__WORK TASK__: Transcribe the lines exactly, beginning with the one that contains "Peris Gems Box" and ending with the final line of the records. Do not transcribe pictures.

__Short text fragments from websites__:
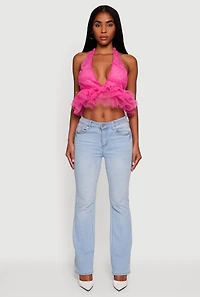 Tulle Ruffle Hem Backless Cropped Halter Top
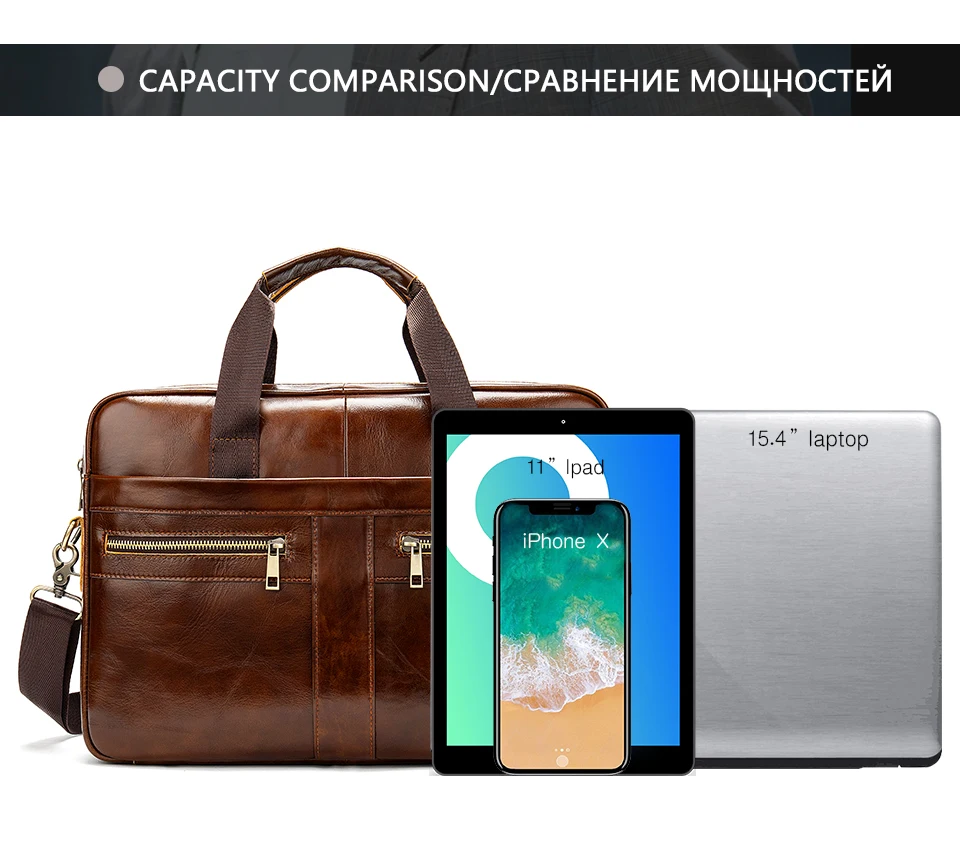 Bag men's Genuine Leather briefcase Male man laptop bag natural Leather for men Messenger bags men's briefcases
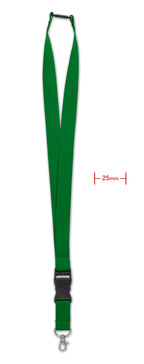 WIDE LANY – Lanyard with metal hook 25mm – Green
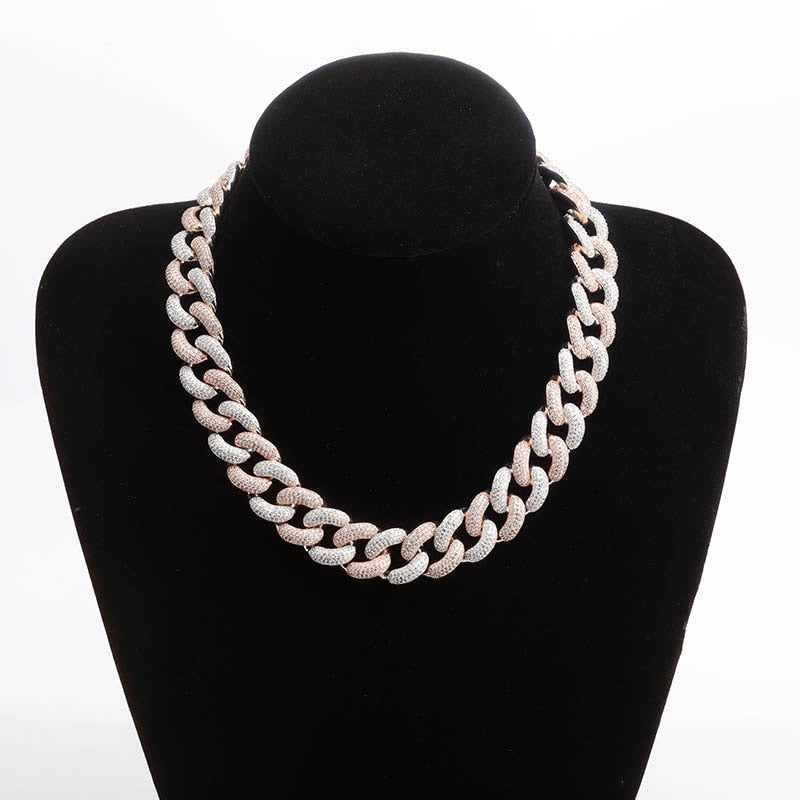 Peris Gems Box Clasp Wide Iced Out Cuban Chain Necklace Unisex | CZ Diamond Necklace Box Clasp Wide Iced Out Cuban Chain Necklace Unisex SHEIN Amazon Temu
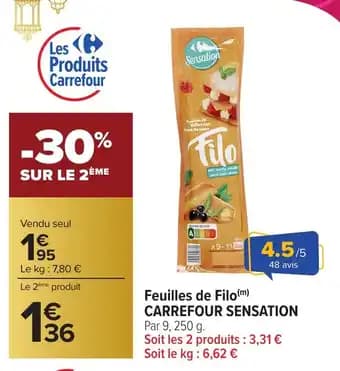 CARREFOUR SENSATION Feuilles de Filo 250 g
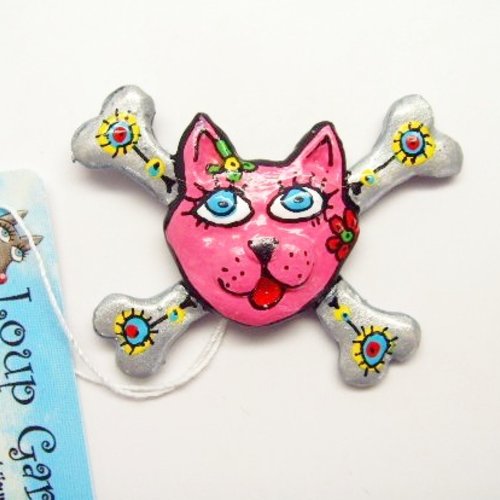 Broche "chat pirate" rose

__FINISHED EXERCISE__:
 Peris Gems Box Clasp Wide Iced Out Cuban Chain Necklace Unisex | CZ Diamond Necklace Box Clasp Wide Iced Out Cuban Chain Necklace Unisex SHEIN Amazon Temu
 CARREFOUR SENSATION Feuilles de Filo 250 g
 Broche "chat pirate" rose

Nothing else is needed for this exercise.